Record extracts:
┌──
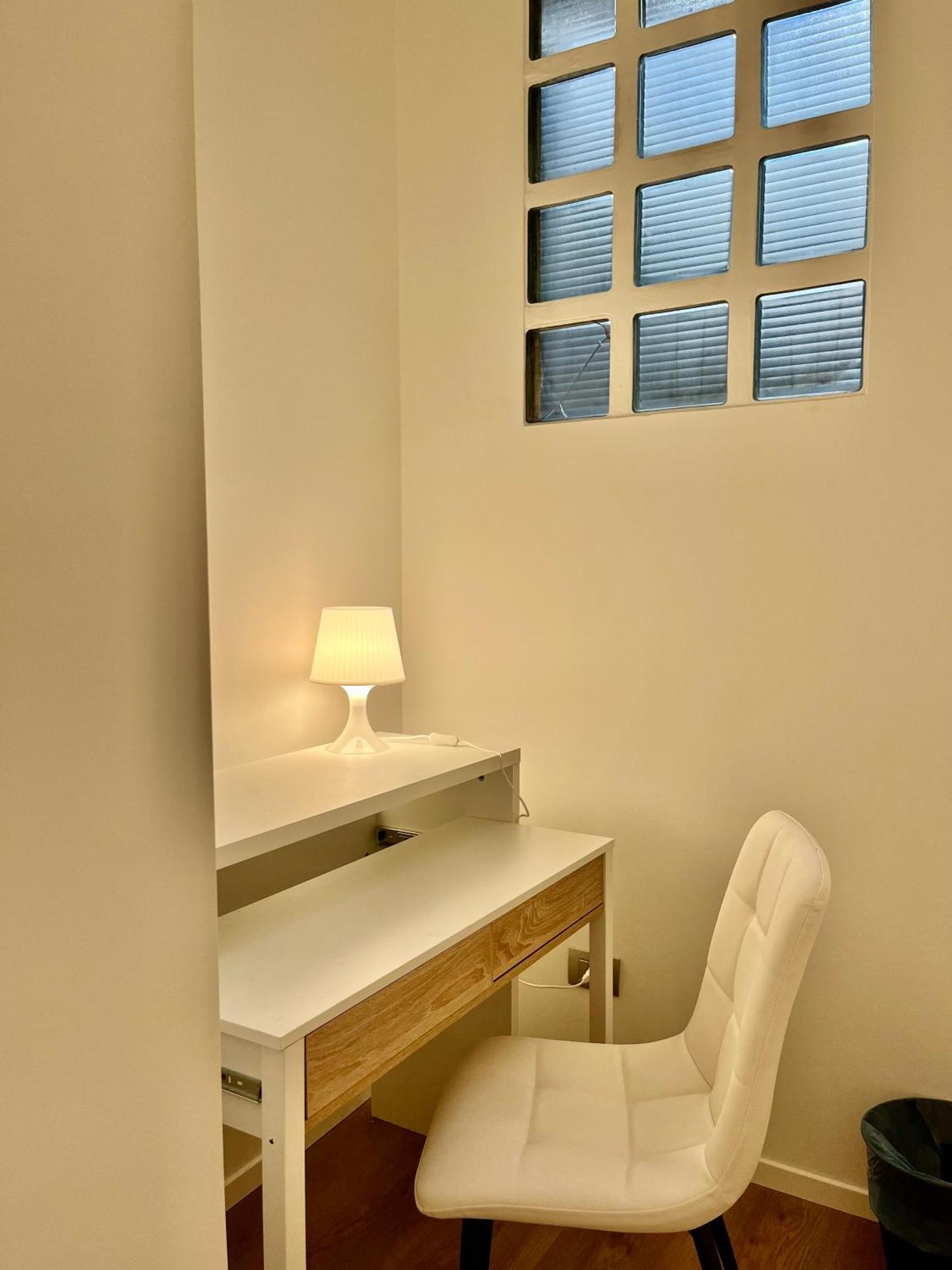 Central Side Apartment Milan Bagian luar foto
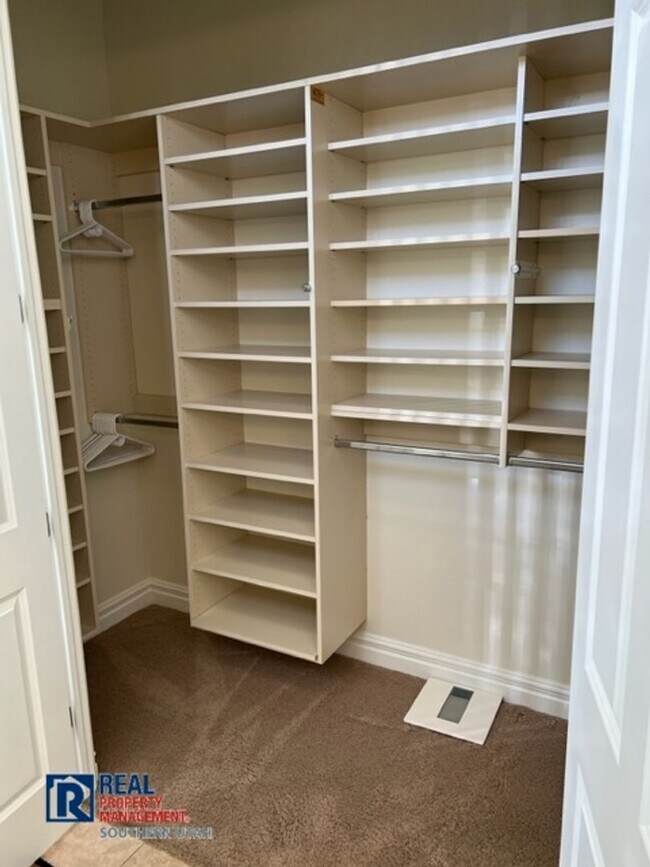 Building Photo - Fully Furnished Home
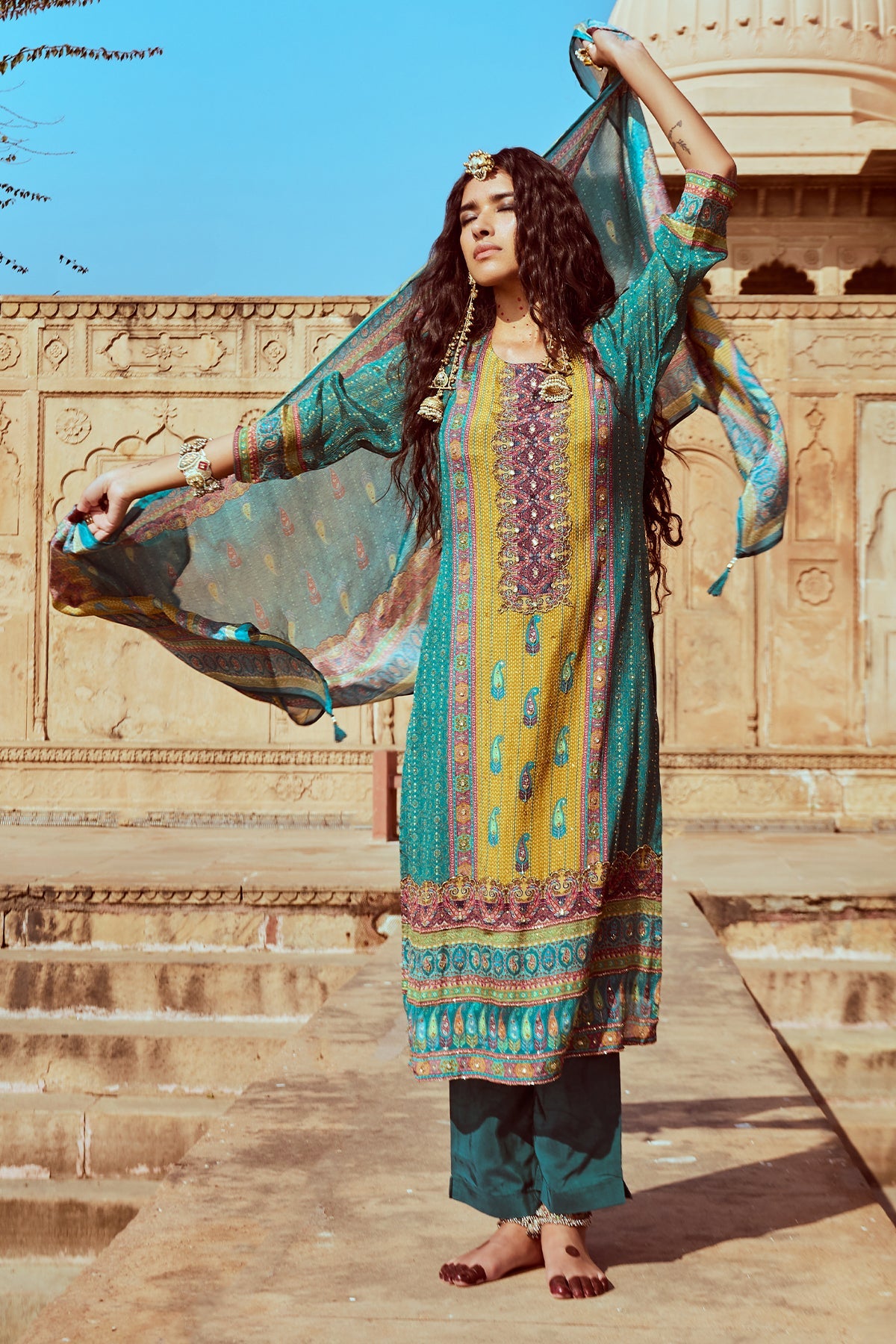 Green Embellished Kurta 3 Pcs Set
└──
┌──
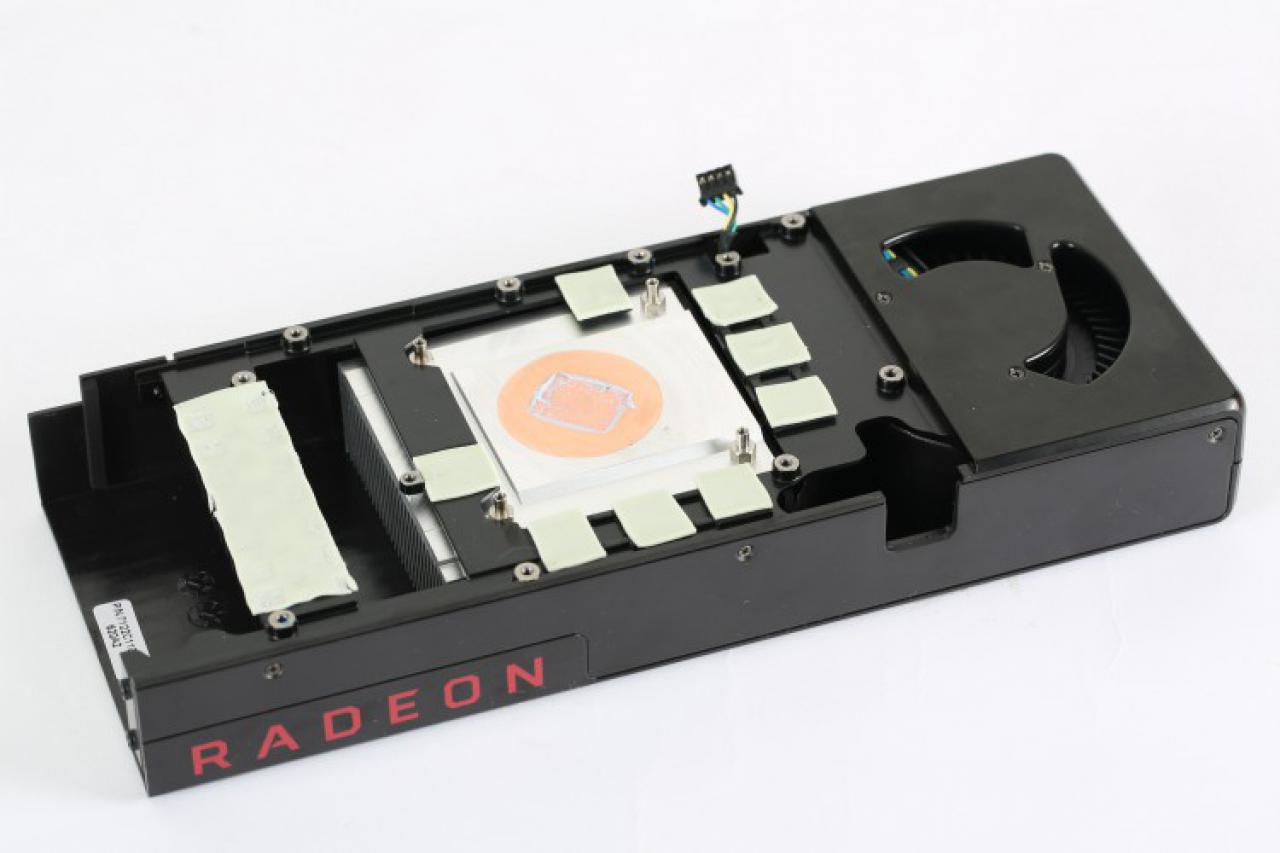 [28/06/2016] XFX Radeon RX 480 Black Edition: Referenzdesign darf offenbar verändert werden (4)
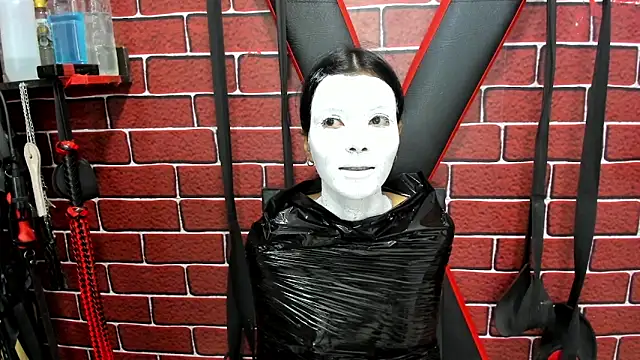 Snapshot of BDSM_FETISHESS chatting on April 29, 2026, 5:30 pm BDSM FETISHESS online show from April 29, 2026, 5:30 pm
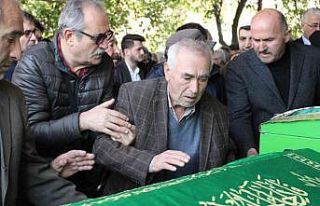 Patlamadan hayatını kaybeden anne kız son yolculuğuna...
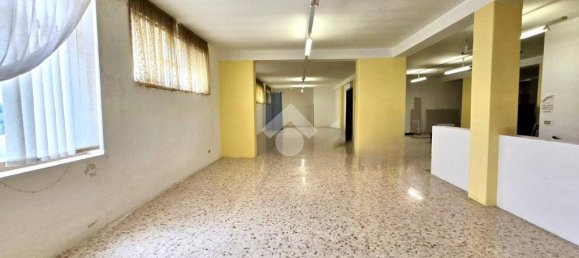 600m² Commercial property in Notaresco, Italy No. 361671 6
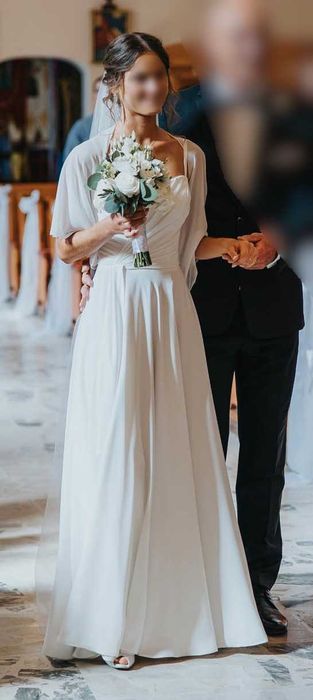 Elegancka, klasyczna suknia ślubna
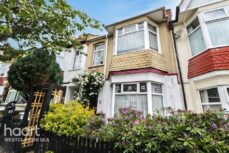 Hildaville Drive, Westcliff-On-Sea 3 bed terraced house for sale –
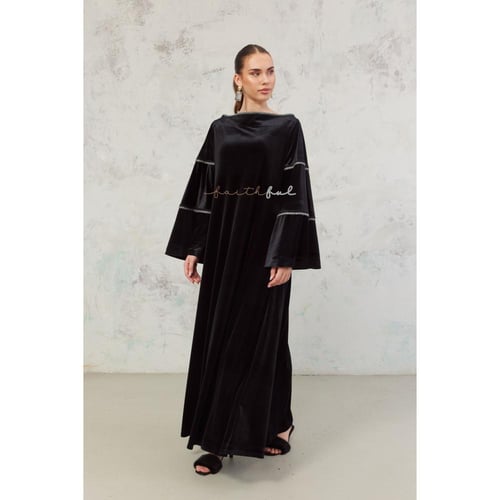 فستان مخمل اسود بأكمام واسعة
└──
What you are asked to do: In the records above, everything from the line with "Elegancka, klasyczna suknia ślubna" down to the line with "فستان مخمل اسود بأكمام واسعة" must be duplicated exactly, both lines kept. Leave no pictures in.

Response to this task:
 Elegancka, klasyczna suknia ślubna
 Hildaville Drive, Westcliff-On-Sea 3 bed terraced house for sale –
 فستان مخمل اسود بأكمام واسعة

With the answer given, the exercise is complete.